Four solving approaches are presented:
1) Solving the original model as a MIP
2) Solving a tight reformulation as an RMIP
3) Solving a tight reforumulation without stock as an RMIP
4) Solving the original model as an RMIP using a separation algorithm
Pochet, Y, and Wolsey, L A, Production Planning by Mixed Integer
Programming (Springer Series in Operations Research and Financial
Engineering). Springer-Verlag New York, Inc., 2006.

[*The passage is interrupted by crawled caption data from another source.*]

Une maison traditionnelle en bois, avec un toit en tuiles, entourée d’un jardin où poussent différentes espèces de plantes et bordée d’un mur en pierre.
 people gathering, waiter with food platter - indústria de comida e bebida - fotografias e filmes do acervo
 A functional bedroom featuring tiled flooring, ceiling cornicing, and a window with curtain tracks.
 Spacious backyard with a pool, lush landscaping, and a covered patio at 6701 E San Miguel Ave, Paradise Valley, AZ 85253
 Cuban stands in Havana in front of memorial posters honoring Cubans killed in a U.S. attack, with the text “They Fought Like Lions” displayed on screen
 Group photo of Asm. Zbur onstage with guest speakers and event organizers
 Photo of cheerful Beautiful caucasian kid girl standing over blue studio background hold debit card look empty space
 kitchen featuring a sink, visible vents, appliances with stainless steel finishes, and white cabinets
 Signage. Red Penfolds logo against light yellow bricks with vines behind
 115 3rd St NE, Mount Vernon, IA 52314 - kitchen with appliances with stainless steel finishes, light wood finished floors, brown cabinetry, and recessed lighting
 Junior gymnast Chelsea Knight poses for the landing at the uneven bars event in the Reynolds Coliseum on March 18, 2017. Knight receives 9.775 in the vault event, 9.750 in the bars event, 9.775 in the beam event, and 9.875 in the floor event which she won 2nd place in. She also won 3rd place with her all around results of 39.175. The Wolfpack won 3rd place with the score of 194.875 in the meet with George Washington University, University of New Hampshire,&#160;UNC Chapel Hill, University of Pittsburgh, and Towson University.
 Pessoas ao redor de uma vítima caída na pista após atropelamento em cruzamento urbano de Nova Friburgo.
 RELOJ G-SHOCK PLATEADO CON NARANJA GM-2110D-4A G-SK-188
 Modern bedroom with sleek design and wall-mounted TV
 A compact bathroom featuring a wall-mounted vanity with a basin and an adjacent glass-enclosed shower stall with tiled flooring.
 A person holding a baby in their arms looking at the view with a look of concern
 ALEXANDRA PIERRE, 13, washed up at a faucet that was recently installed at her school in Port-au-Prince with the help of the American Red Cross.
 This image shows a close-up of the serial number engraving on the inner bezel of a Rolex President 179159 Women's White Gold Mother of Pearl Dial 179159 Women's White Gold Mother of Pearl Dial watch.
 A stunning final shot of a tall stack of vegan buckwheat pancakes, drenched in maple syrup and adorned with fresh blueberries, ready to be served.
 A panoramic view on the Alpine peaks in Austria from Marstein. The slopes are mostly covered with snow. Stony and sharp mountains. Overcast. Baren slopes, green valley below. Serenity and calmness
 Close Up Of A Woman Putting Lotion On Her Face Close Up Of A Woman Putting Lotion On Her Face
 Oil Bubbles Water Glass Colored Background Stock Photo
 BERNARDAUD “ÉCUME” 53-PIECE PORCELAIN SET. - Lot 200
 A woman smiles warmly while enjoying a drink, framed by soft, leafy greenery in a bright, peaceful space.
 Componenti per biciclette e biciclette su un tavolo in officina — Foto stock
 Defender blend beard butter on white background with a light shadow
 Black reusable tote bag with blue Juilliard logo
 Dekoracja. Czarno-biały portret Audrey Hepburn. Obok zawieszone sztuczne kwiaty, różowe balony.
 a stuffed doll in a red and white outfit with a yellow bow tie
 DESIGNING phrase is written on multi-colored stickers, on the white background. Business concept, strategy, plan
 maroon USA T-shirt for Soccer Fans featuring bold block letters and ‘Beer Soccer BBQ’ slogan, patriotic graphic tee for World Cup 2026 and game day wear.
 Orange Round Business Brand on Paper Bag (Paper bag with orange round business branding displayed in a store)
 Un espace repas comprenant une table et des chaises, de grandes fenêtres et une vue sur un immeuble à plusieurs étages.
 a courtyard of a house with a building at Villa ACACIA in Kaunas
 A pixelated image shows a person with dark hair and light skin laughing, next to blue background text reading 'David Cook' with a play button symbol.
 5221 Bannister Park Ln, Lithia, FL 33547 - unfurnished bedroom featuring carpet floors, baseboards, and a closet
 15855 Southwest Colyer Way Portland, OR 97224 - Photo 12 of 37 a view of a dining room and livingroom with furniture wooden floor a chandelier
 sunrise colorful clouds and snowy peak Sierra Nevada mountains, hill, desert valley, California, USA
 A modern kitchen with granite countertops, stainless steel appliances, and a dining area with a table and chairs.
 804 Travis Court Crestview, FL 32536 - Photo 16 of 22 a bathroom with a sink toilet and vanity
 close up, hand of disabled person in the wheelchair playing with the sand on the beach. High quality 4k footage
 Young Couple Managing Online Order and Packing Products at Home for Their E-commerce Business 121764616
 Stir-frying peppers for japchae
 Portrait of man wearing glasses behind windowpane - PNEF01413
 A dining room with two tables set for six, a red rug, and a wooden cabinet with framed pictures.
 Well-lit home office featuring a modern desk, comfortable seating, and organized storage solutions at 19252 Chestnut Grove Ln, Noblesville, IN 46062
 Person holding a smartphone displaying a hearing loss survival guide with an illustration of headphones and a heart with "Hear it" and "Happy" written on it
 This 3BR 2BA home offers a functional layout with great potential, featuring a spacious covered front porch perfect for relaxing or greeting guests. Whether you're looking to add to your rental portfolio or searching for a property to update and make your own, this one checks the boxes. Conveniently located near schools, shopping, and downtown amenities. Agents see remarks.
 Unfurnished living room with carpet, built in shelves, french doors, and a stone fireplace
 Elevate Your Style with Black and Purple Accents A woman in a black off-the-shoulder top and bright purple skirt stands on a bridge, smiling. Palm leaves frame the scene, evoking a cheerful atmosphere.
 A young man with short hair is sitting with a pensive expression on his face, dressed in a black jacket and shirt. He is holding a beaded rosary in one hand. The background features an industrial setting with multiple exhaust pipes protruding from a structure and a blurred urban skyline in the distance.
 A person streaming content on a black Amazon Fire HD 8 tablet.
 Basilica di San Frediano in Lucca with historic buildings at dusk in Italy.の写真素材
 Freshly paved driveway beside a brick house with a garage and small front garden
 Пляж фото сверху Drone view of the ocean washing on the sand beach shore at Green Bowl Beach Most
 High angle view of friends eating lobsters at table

Keywords: mixed integer linear programming, relaxed mixed integer linear
programming, production planning
$offText
*1) Initial tiny formulation
Set
t 'time periods' / t1*t8 /
ut(t,t) 'upper triangle';
Alias (t,tt,k);
Parameter
DEMAND(T) 'demand per period' / (t1,t2) 400, (t3,t4) 800, (t5*t8) 1200 /
SETUPCOST 'setup cost per period' / 5000 /
PRODCOST 'production cost per period' / 100 /
INVCOST 'production cost per period' / 5 /
STOCKINI 'production cost per period' / 200 /
BigM(T) 'max production - BigM';
*We assume that the initial stock is lower equal than the demand in the first period
abort$(Demand('t1') < STOCKINI) 'Initial stock is too large';
ut(k,t) = ord(k) <= ord(t);
BigM(t) = sum(k$(ord(k) >= ord(t)), DEMAND(k) - STOCKINI$(ord(t) = 1));
display ut, BigM;
Variable
s(t) 'inventory in period t'
x(t) 'production in period t'
y(t) 'setup in period t'
cost;
Binary Variable y;
Positive Variable s, x;
Equation
Balance(t) 'stock balance'
Production(t) 'production set-up'
Mincost 'objective function';
Mincost..
cost =e= sum(t, ifthen(ord(t) < card(t),INVCOST,INVCOST/2)*s(t)) + sum(t, SETUPCOST*y(t) + PRODCOST*x(t));
Production(t)..
x(t) =L= BigM(t)*y(t);
Balance(t)..
STOCKINI$(ord(t) = 1) + s(t-1) + x(t) =e= DEMAND(t) + s(t);
Model tiny / Mincost, Production, Balance /;
tiny.optCr=0;
solve tiny minimizing cost using mip;
*2) Multi-commodity formulation (tight reformulation)
Variable
smc(t,t) 'inventory entered in period i for period t'
xmc(t,t) 'production in period i for demand in t';
Positive Variable smc, xmc;
Equation
Balancemc(t,t) 'stock balance'
Productionmc(t,t) 'production set-up'
Mincostmc 'objective function';
Mincostmc..
cost =e= sum(ut, PRODCOST*xmc(ut) + INVCOST*smc(ut)) + sum(t, SETUPCOST*y(t));
Balancemc(ut(k,t))..
STOCKINI$(ord(t) = 1) + smc(k-1,t) + xmc(k,t) =e= smc(k,t) + diag(k,t)*DEMAND(t);
Productionmc(ut(k,t))..
xmc(k,t) =l= (DEMAND(t) - STOCKINI$(ord(t) = 1))*y(k);
Model tinymc / Mincostmc, Balancemc, Productionmc /;
solve tinymc minimizing cost using rmip;
*3) Multi-commodity formulation without stock (tight reformulation)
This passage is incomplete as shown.